La muerte de la democracia
Por Ignacio Imas, gerente asuntos públicos Imaginaccion
La Segunda / Columna de opinión
1 de octubre 2025
La democracia no está siendo derrocada. Está muriendo, sí, pero sin escándalos ni sobresaltos. Desaparece con lentitud, como esas cosas que dejamos de ver no porque se escondan, sino porque hemos dejado de prestar atención. Y lo más inquietante: no sólo somos testigos, también somos cómplices. No me refiero al régimen político formal —que, con más o menos grietas, sigue en pie—, sino a la experiencia democrática: ese espacio frágil en que distintos conviven, en que se construye lo común desde la diferencia, en que el desacuerdo no es un riesgo, sino una posibilidad. Hoy, esa experiencia se está vaciando. La democracia se está volviendo irrelevante. Y ese deterioro tiene algunas causas. Hemos elitizado el debate. Las conversación sobre el mejoramiento de las democracias se ha vuelto ininteligible, restringiéndolas a círculos académicos y élites. El ciudadano ha dejado de ser destinatario de los mensajes, el saber técnico se ha desarraigado y, por tanto, la política se ha desconectado de la vida concreta. Otro motivo, más incómodo, es la hipocresía. Decimos valorar la democracia, pero toleramos a quienes la degradan. Nos indignamos cuando alguien miente, pero lo aceptamos con nuestro silencio u omisión.
Permitimos que se instale la desinformación como parte del juego, y luego nos sorprendemos cuando el resultado es desconfianza o apatía. Esta contradicción se ha vuelto estructural. Queremos instituciones sólidas, pero nos fascinan las polémicas. Hablamos de participación, pero tratamos el espacio público como una trinchera. Tal hipocresía ha transitado a esa abulia social generalizada: no importa cómo gobiernen, sino el logro de los objetivos. Mientras, surgen liderazgos que no prometen convivir sino vencer, a través de la política de adversario. Y frente a ese lenguaje binario, los matices democráticos parecen débiles. La democracia es lenta, exige escucha, requiere acuerdos. Pero hoy todo eso se percibe como signo de debilidad. Particularmente inquietante en este proceso es la falta de duelo. Nadie parece lamentar la pérdida. Más bien la aceptamos como algo inevitable: que la política sea un espectáculo, los partidos ya no representen y las instituciones funcionen por inercia.
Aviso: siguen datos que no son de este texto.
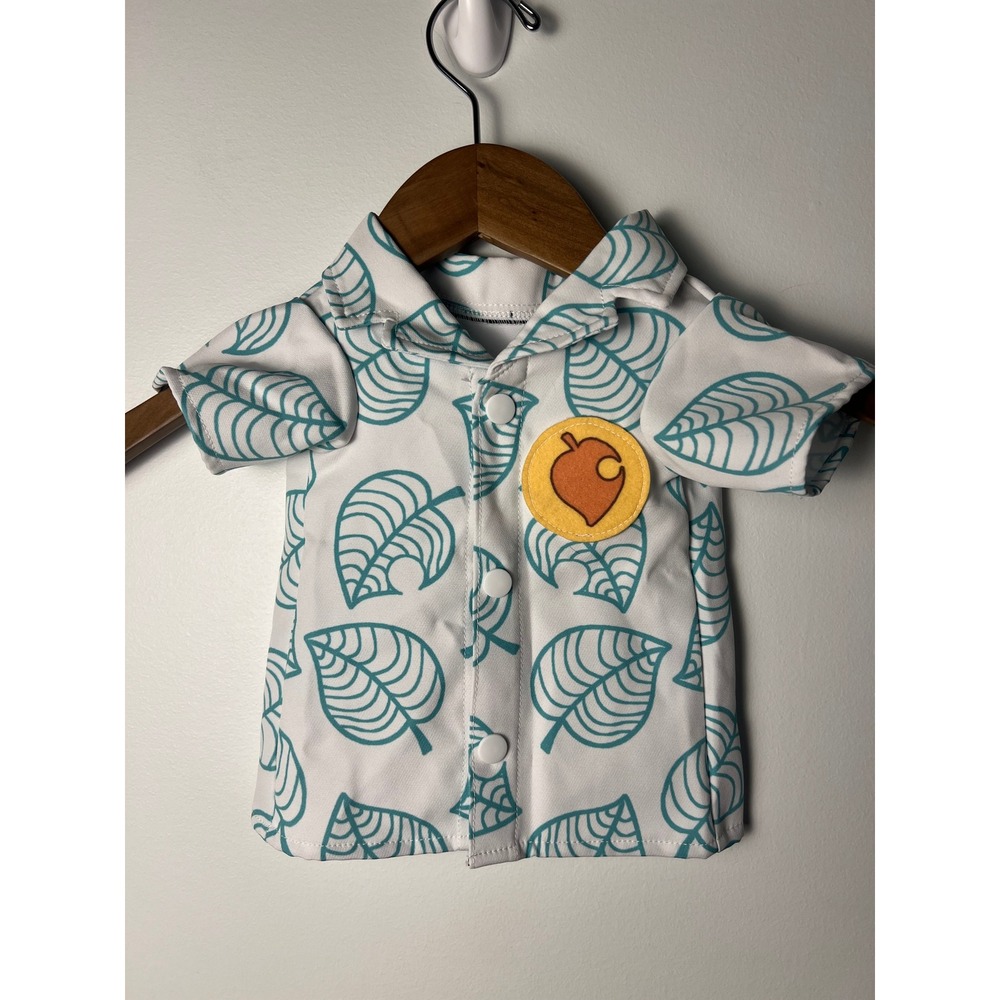 Nintendo Animal Crossing Shirt SM Dog White Teal Leaf Tom Nook Cosplay Top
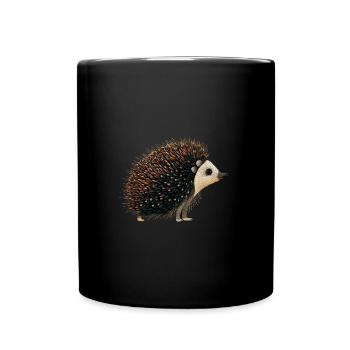 Süsser Igel - Tasse einfarbig - Schwarz - Vorne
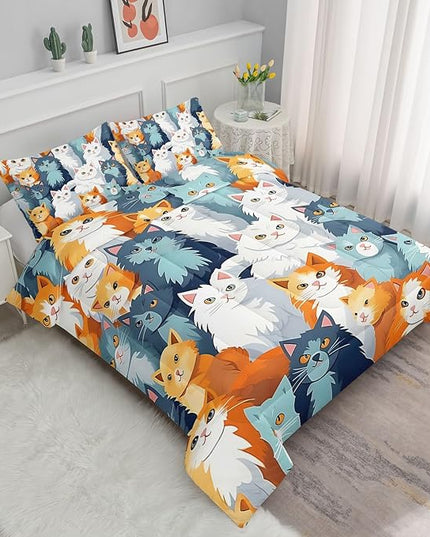 Datura home Kids Comforter Set Cute Cats Printed Pattern Bedding Set with 1 Comforter and 2 Pillowcases for Girls Boys Bedroom All Season(Cat Twin) - LeafyLoom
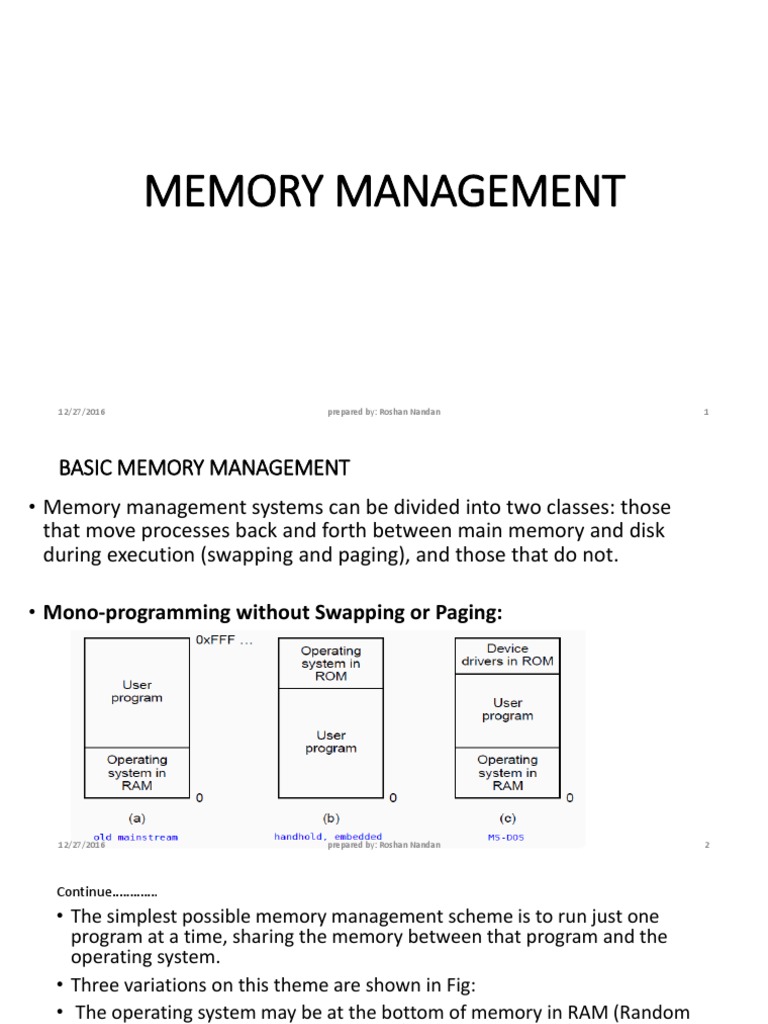 Memory Managements | PDF | Office Equipment | Computer Memory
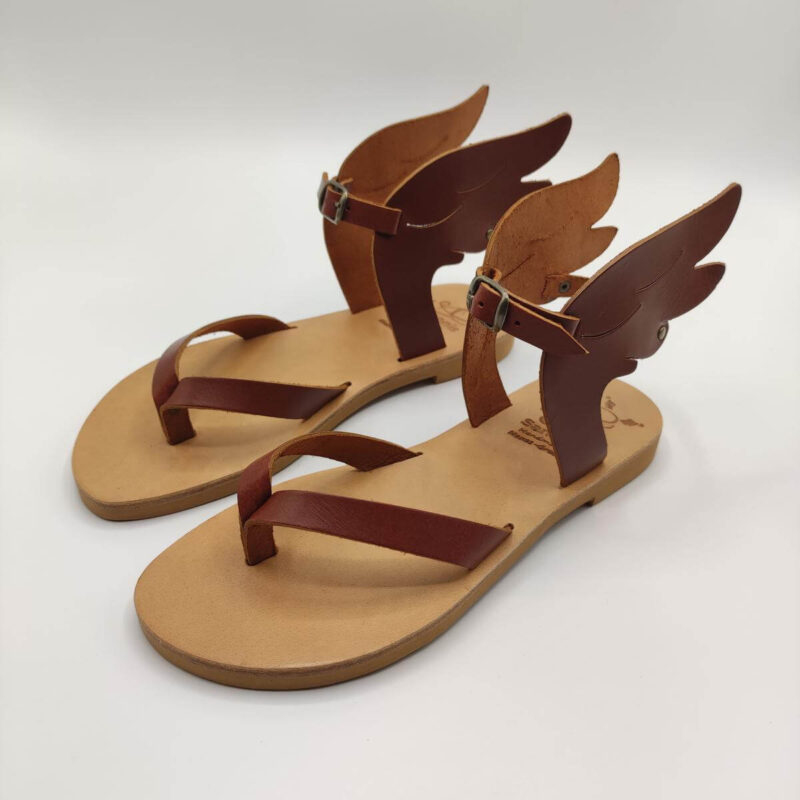 Ikaria Leather Sandals Wings Brown Color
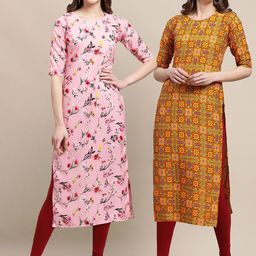 KALINI Women Multicoloured Floral Checked Gotta Patti Summer Sheers Crepe Kurta-17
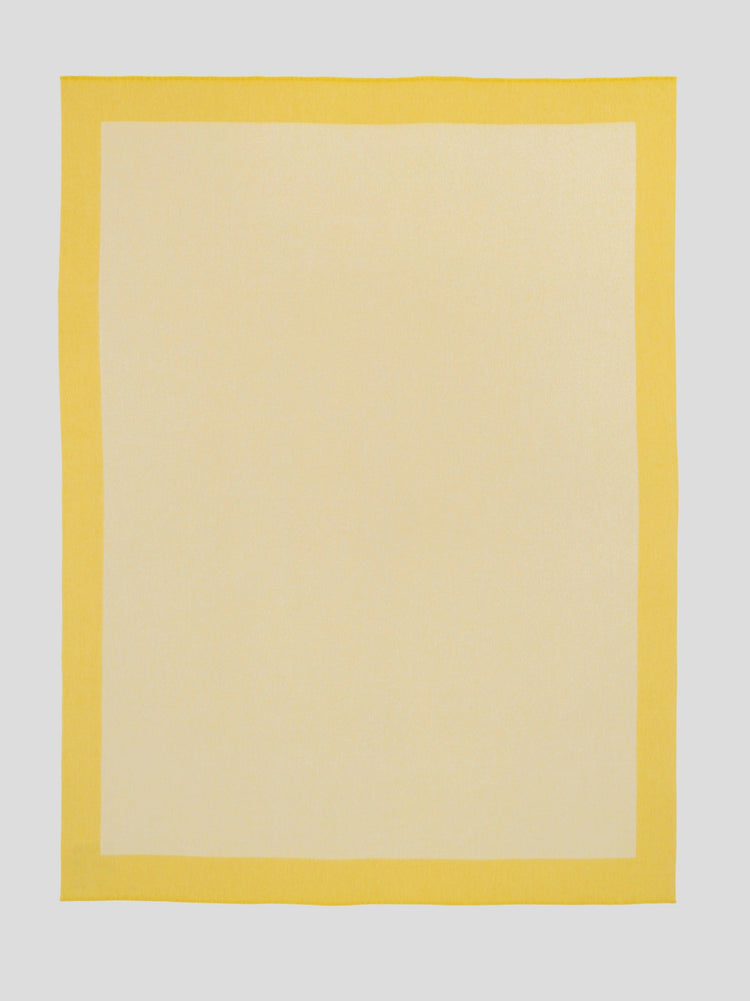 Arran Border Cashmere Blanket Yellow White | Begg x Co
Y cuando algo se vuelve normal, deja de preocuparnos. ¿Es posible revertir esta tendencia? Tal vez. Pero no bastan reformas normativas. Lo que necesitamos es una ética democrática cotidiana: formas de habitar lo público que no estén marcadas por el cálculo o el desprecio. Necesitamos recuperar el valor del desacuerdo, la lentitud del diálogo, la posibilidad de cambiar de opinión sin ser cancelado. No escribo esto para advertir de nombres propios, porque las personas continuarán pasando, pero esa pulsión pesimista seguramente se agudizará. Lo que nos quedará es un modelo de democracia hueca. Con apariencia de vida, pero muerta por dentro.